▸ Entries shown
※ ※ ※

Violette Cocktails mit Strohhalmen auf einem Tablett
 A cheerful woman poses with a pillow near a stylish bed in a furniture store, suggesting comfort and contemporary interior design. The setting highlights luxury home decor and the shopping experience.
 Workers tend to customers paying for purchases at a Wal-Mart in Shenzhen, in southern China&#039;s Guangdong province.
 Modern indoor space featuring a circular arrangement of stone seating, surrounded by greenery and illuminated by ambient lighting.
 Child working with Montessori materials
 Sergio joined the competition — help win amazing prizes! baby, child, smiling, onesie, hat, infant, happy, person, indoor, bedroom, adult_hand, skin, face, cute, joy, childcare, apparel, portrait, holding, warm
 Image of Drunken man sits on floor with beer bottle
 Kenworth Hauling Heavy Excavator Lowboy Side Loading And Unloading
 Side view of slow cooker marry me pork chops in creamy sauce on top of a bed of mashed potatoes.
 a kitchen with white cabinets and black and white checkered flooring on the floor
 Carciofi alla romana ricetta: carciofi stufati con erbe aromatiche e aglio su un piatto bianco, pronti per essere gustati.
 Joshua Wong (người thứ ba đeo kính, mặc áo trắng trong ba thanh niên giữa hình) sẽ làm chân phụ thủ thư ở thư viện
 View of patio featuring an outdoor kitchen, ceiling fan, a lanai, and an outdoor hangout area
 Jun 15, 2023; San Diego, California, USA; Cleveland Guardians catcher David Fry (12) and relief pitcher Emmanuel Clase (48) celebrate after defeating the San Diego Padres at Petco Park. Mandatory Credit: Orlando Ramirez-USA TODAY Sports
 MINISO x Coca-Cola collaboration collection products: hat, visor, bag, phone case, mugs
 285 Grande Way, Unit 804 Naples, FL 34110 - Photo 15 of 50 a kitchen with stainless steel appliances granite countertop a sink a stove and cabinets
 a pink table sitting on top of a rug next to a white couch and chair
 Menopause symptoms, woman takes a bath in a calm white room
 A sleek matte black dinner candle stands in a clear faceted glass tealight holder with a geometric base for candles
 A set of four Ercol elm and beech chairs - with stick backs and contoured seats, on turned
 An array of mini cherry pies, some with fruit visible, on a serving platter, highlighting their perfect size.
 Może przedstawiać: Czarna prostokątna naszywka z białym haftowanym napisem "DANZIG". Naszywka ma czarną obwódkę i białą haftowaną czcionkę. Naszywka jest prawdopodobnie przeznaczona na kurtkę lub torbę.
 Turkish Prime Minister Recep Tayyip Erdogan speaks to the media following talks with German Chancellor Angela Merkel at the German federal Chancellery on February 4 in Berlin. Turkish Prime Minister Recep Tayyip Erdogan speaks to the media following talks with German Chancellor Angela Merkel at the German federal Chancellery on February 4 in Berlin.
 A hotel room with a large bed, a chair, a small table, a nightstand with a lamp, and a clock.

※ ※ ※

▸ What the exercise asks
In the listing above, the lines from the one containing "Jun 15, 2023;" through the one containing "Menopause symptoms, woman" must be set down exactly, with no other lines.

▸ Exercise output
 Jun 15, 2023; San Diego, California, USA; Cleveland Guardians catcher David Fry (12) and relief pitcher Emmanuel Clase (48) celebrate after defeating the San Diego Padres at Petco Park. Mandatory Credit: Orlando Ramirez-USA TODAY Sports
 MINISO x Coca-Cola collaboration collection products: hat, visor, bag, phone case, mugs
 285 Grande Way, Unit 804 Naples, FL 34110 - Photo 15 of 50 a kitchen with stainless steel appliances granite countertop a sink a stove and cabinets
 a pink table sitting on top of a rug next to a white couch and chair
 Menopause symptoms, woman takes a bath in a calm white room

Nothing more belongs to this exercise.